Complainant contends that Respondent is not commonly known
by the <nikeshop.com> domain
name and that Respondent has not ever been the owner or licensee of the NIKE
SHOP mark. The WHOIS record for the
disputed domain name lists Respondent as “Whois
Agent c/o Whois Privacy Protection.”
Also, Respondent has failed to show any evidence contrary to
Complainant’s contentions that Respondent is not commonly known by the <nikeshop.com> domain name. Because no evidence suggests that Respondent
has ever been known by any variant on the NIKE SHOP mark, the Panel finds that
Respondent is not commonly known by the <nikeshop.com>
domain name pursuant to
Policy ¶ 4(c)(ii). See Compagnie de Saint Gobain
v. Com-Union Corp., D2000-0020 (WIPO Mar. 14, 2000) (finding no rights or
legitimate interest where the respondent was not commonly known by the mark and
never applied for a license or permission from the complainant to use the
trademarked name); see also
Respondent is using the <nikeshop.com> domain name to host a website that features links to third-party websites that are selling products that are similar to those sold by Complainant. Complainant contends that Respondent receives “click-through” fees from those third-party websites, and therefore is commercially benefitting from the use of the disputed domain name. The Panel finds that this use by Respondent of the <nikeshop.com> domain name is neither bona fide offerings of goods or services under Policy ¶ 4(c)(i) nor legitimate noncommercial or fair uses under Policy ¶ 4(c)(iii). See Royal Bank of Scotland Grp plc et al. v. Demand Domains, FA 714952 (Nat. Arb. Forum Aug. 2, 2006) (finding that the operation of a commercial web directory displaying various links to third-party websites was not a use in connection with a bona fide offering of goods or services pursuant to Policy ¶ 4(c)(i) or a legitimate noncommercial or fair use pursuant to Policy ¶ 4(c)(iii), as the respondent presumably earned “click-through” fees for each consumer it redirected to other websites); see also Compaq Info. Techs. Group v Jones, FA 99091 (Nat. Arb. Forum Oct. 4, 2001) (finding that the respondent had no rights or legitimate interests in a domain name that it used to redirect Internet users to a commercial website as part of that website’s affiliate program, where the resultant website contained banner ads as well as various links to offers for free merchandise, including merchandise from the complainant's competitor).

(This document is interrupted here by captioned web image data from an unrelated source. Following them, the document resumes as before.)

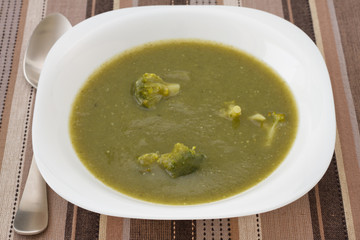 broccoli soup in the white plate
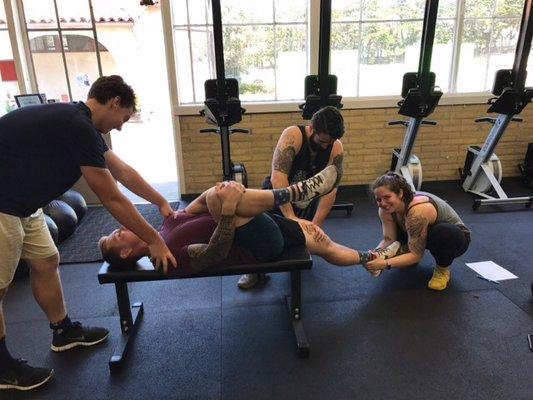 Super friends stretch each other out after class.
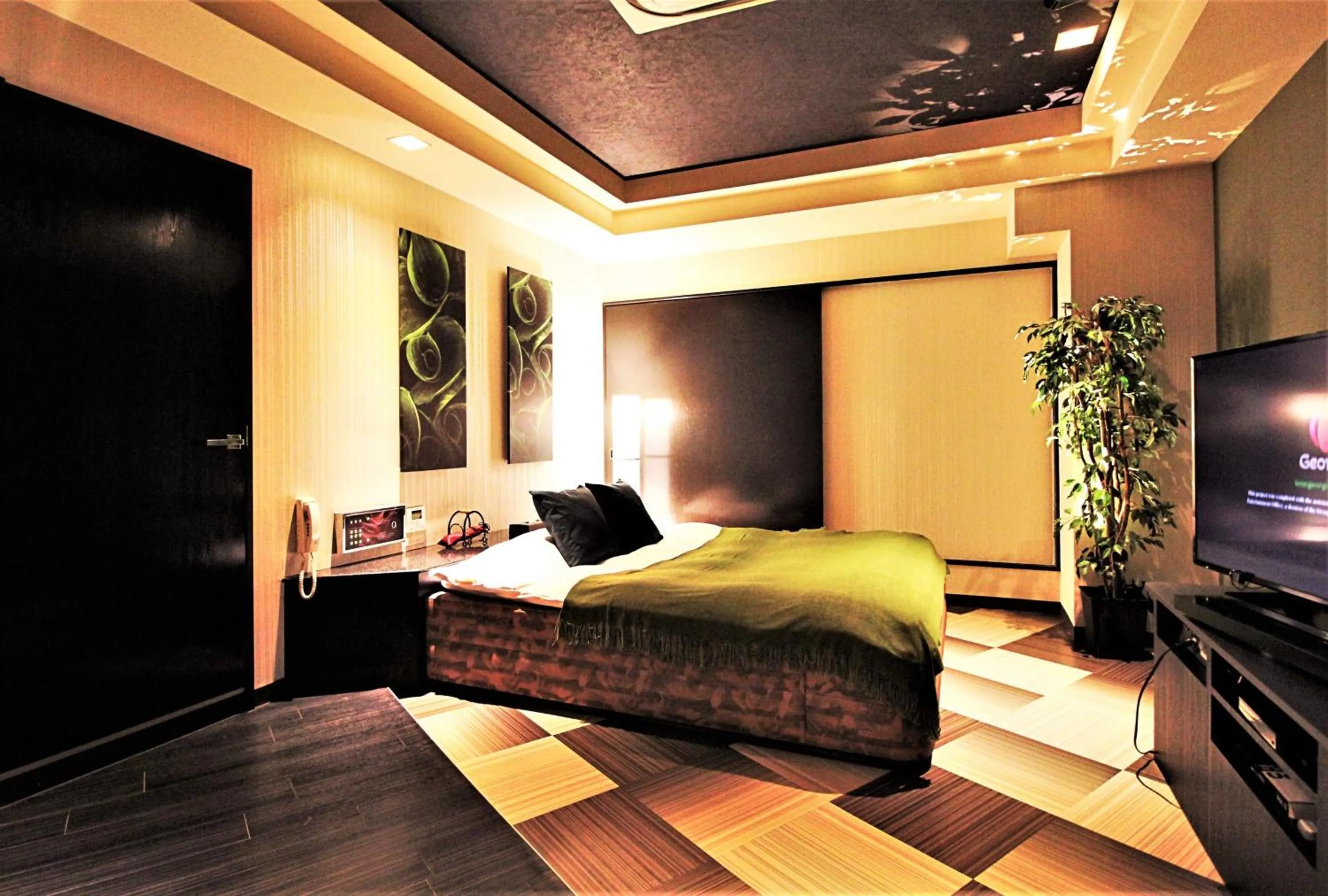 Bed in HOTEL O2 -全室人工ラドン温泉-Adult only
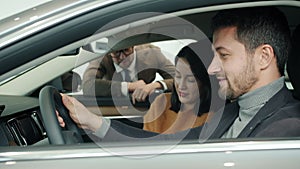 Man and woman with child sitting inside car choosing auto in showroom talking to manager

The Panel finds that Complainant satisfied the elements of ICANN Policy ¶ 4(a)(ii).
The <nikeshop.com> domain name is directing Internet customers to Respondent’s website that resolves from the disputed domain name. Complainant contends that Respondent is intentionally disrupting Complainant’s business by further diverting confused customers to third-party websites that sell products in the same market as Complainant. The Panel finds that Respondent is disrupting Complainant’s business, and therefore, that Respondent’s registration and use of the disputed domain name is in bad faith pursuant to Policy ¶ 4(b)(iii). See Clear Channel Commc’ns, Inc. v. Beaty Enters., FA 135008 (Nat. Arb. Forum Jan. 2, 2003) (finding evidence of bad faith use and registration where the respondent and the complainant both operated in the highly regulated field of radio broadcasting and the respondent registered a domain name incorporating the complainant’s call letters); see also Tesco Pers. Fin. Ltd. v. Domain Mgmt. Servs., FA 877982 (Nat. Arb. Forum Feb. 13, 2007) (concluding that the use of a confusingly similar domain name to attract Internet users to a directory website containing commercial links to the websites of a complainant’s competitors represents bad faith registration and use under Policy ¶ 4(b)(iii)).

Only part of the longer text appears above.